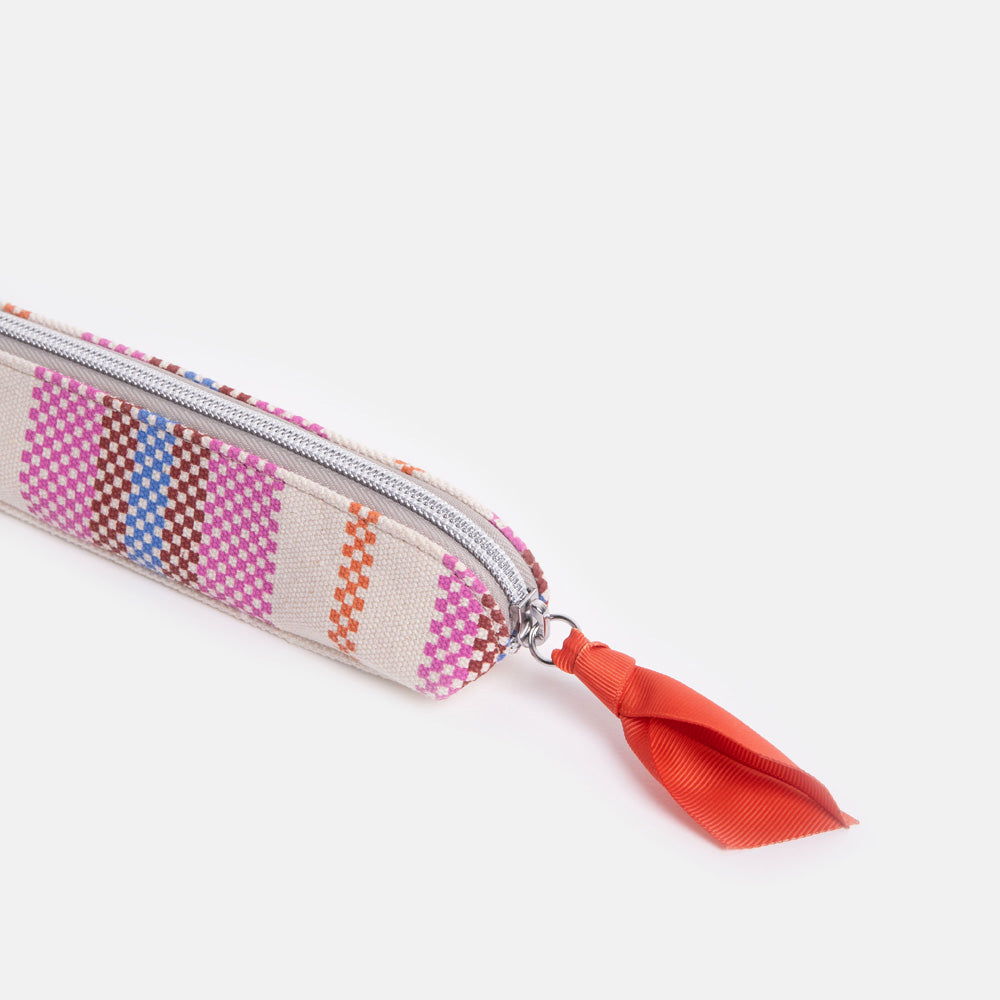 canvas pencil case with colourful checkerboard stripe design, silver zip and red zip pull 
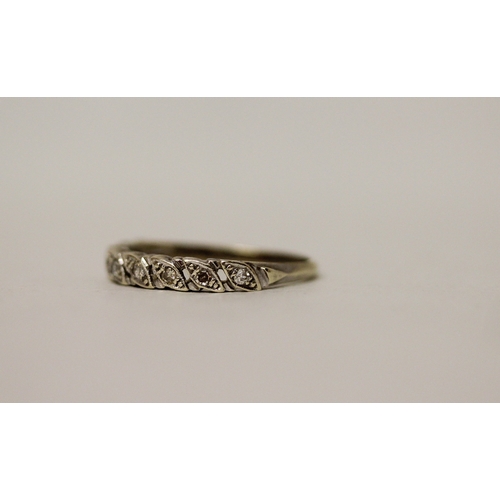 446 - A 9ct white gold diamond band, hallmarked, ring size Q. Gross weight 2.4g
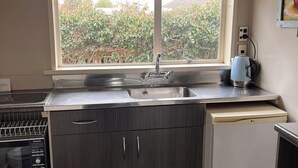 A compact kitchen with a built-in dishwasher, a sink, and a window overlooking a garden. - Aorangi Motel (Fairlie)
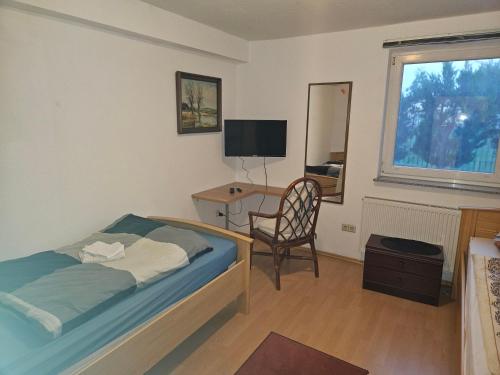 Un dormitorio con una cama, un escritorio y una silla. en C & R Zimmervermietung, en Hannover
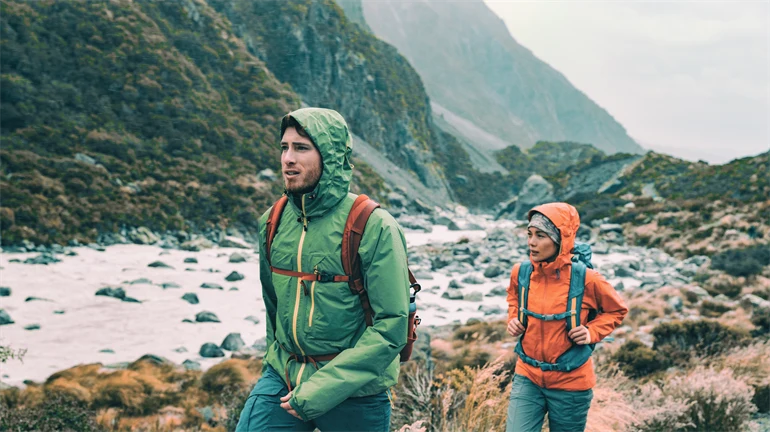 Hikers on trek with backpacks living healthy active lifestyle. Hiker girl walking on hike in mountain nature landscape.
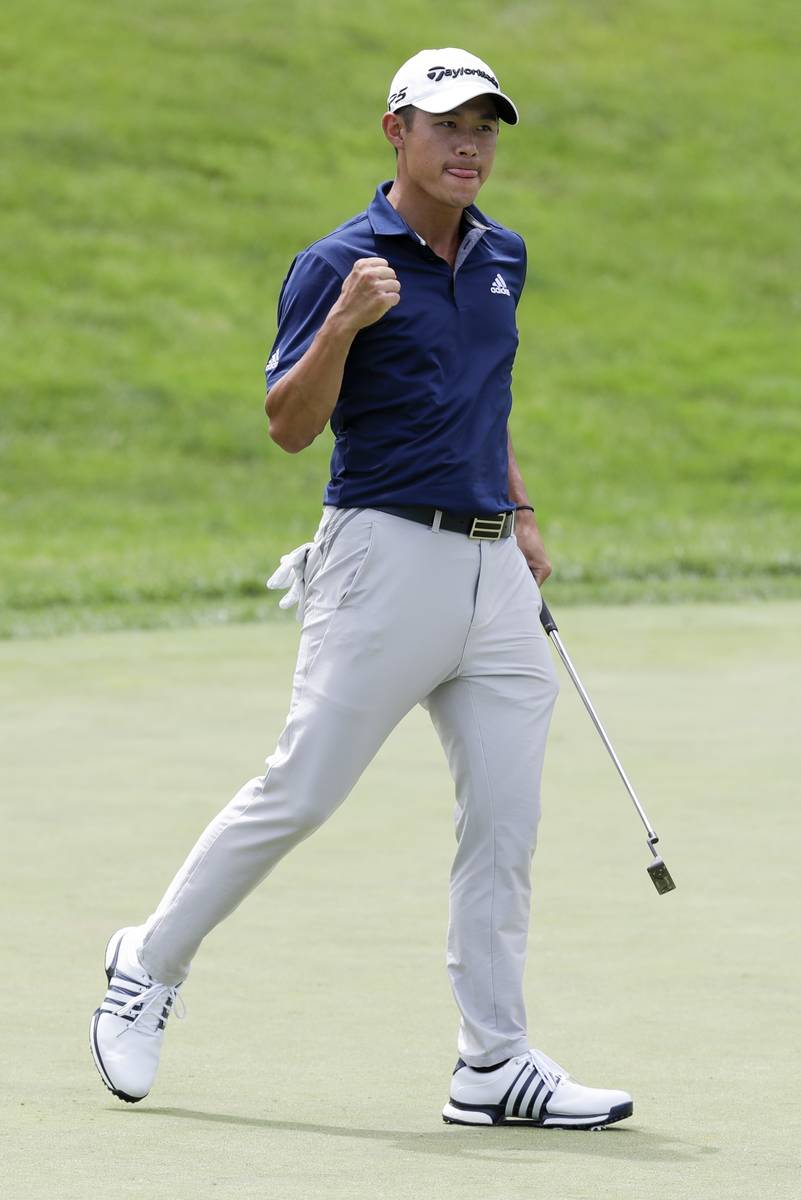 Collin Morikawa reacts to a putt on the first playoff hole during the final round of the Workda ...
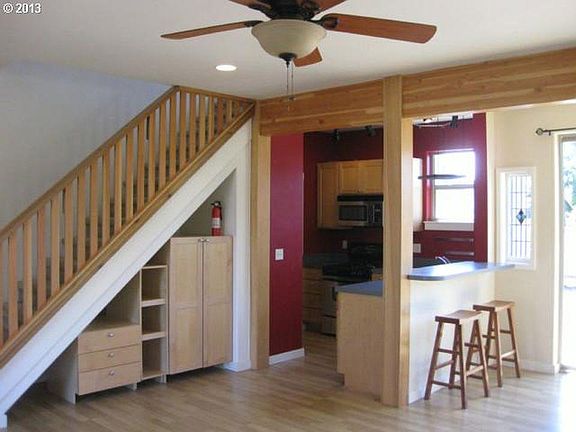 Under stairs pantry and storage make a small kitchen very efficient and usable.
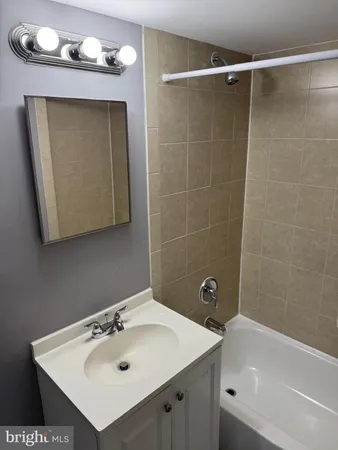 a bathroom with a sink mirror and a bathtub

## TASK GOAL
Can the lines from the start of the records through the line with "A compact kitchen" be given again exactly, with the pictures left out?

## EXERCISE RESPONSE
 canvas pencil case with colourful checkerboard stripe design, silver zip and red zip pull 
 446 - A 9ct white gold diamond band, hallmarked, ring size Q. Gross weight 2.4g
 A compact kitchen with a built-in dishwasher, a sink, and a window overlooking a garden. - Aorangi Motel (Fairlie)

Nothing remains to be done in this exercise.